• **REQUIRED WORK**:
Quote exactly the lines spanning from the top of the data below to the line that contains "Photo 7 - Hotel", including both.
RECORDS FOR PROCESSING Block Start
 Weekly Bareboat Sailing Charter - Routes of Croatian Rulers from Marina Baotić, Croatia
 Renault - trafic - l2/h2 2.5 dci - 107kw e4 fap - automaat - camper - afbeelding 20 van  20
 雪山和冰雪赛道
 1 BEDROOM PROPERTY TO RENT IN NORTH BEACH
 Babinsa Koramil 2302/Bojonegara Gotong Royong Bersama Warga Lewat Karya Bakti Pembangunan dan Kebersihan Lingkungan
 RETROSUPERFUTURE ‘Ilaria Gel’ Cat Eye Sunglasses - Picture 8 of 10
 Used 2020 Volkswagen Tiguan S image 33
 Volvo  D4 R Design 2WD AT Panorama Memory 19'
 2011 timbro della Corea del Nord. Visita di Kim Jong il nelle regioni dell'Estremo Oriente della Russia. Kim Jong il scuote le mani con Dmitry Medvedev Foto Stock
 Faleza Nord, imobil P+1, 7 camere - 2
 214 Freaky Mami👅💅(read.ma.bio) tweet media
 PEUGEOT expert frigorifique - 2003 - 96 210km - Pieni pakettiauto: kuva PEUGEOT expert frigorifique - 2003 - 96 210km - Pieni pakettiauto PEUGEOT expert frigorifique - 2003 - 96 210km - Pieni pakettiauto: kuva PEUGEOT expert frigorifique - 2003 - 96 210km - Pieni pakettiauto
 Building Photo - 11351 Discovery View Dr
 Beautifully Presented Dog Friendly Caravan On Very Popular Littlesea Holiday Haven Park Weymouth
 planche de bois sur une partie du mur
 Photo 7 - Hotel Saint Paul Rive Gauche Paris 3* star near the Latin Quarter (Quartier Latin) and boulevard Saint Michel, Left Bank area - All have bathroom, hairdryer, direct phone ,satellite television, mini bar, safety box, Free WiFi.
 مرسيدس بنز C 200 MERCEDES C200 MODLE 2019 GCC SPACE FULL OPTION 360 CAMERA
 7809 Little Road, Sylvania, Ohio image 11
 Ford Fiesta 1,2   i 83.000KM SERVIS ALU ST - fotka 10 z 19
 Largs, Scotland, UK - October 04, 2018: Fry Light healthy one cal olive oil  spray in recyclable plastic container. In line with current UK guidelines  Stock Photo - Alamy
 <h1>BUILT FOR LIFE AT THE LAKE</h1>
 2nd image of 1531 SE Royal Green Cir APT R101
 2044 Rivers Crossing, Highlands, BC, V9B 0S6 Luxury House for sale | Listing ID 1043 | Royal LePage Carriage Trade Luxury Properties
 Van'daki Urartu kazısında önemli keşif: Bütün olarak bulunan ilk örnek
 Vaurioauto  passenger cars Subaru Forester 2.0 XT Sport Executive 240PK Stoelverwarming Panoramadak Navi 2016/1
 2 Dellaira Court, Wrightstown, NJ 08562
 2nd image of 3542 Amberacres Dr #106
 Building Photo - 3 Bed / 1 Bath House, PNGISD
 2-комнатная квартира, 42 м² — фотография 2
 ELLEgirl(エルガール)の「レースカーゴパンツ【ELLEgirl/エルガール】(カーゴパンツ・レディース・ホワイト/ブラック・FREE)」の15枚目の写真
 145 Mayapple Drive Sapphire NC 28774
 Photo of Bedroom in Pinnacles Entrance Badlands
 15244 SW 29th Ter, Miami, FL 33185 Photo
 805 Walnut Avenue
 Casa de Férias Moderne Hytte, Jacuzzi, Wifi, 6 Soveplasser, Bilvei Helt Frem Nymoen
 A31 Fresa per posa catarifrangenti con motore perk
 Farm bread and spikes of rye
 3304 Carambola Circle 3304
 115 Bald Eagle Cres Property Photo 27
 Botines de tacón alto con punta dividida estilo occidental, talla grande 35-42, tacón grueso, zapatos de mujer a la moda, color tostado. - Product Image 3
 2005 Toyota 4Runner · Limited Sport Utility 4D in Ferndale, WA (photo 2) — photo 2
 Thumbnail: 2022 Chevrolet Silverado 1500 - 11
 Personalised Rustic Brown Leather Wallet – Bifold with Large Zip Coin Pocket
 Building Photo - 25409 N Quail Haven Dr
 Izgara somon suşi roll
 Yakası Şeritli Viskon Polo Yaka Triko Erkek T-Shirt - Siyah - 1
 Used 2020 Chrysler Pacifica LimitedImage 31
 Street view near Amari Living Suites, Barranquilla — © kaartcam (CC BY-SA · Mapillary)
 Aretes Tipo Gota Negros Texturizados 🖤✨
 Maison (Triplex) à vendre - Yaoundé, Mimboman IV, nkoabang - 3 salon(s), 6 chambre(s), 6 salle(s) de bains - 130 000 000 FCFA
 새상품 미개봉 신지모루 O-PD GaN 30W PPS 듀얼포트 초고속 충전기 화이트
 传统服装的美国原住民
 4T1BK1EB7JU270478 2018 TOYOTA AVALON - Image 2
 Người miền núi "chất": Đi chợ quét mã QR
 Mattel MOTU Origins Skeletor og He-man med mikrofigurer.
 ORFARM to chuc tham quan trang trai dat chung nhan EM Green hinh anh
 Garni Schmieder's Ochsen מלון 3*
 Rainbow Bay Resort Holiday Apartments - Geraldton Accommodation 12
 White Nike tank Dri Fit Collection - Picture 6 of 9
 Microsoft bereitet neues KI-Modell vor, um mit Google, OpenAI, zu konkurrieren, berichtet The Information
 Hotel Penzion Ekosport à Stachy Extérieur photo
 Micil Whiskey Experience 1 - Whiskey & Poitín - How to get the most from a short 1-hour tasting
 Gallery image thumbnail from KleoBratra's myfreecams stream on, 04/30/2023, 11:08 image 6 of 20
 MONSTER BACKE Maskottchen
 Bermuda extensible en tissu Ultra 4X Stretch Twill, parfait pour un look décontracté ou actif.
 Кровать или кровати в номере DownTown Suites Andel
RECORDS FOR PROCESSING Block End
• **EXPECTED ANSWER**:
 Weekly Bareboat Sailing Charter - Routes of Croatian Rulers from Marina Baotić, Croatia
 Renault - trafic - l2/h2 2.5 dci - 107kw e4 fap - automaat - camper - afbeelding 20 van  20
 雪山和冰雪赛道
 1 BEDROOM PROPERTY TO RENT IN NORTH BEACH
 Babinsa Koramil 2302/Bojonegara Gotong Royong Bersama Warga Lewat Karya Bakti Pembangunan dan Kebersihan Lingkungan
 RETROSUPERFUTURE ‘Ilaria Gel’ Cat Eye Sunglasses - Picture 8 of 10
 Used 2020 Volkswagen Tiguan S image 33
 Volvo  D4 R Design 2WD AT Panorama Memory 19'
 2011 timbro della Corea del Nord. Visita di Kim Jong il nelle regioni dell'Estremo Oriente della Russia. Kim Jong il scuote le mani con Dmitry Medvedev Foto Stock
 Faleza Nord, imobil P+1, 7 camere - 2
 214 Freaky Mami👅💅(read.ma.bio) tweet media
 PEUGEOT expert frigorifique - 2003 - 96 210km - Pieni pakettiauto: kuva PEUGEOT expert frigorifique - 2003 - 96 210km - Pieni pakettiauto PEUGEOT expert frigorifique - 2003 - 96 210km - Pieni pakettiauto: kuva PEUGEOT expert frigorifique - 2003 - 96 210km - Pieni pakettiauto
 Building Photo - 11351 Discovery View Dr
 Beautifully Presented Dog Friendly Caravan On Very Popular Littlesea Holiday Haven Park Weymouth
 planche de bois sur une partie du mur
 Photo 7 - Hotel Saint Paul Rive Gauche Paris 3* star near the Latin Quarter (Quartier Latin) and boulevard Saint Michel, Left Bank area - All have bathroom, hairdryer, direct phone ,satellite television, mini bar, safety box, Free WiFi.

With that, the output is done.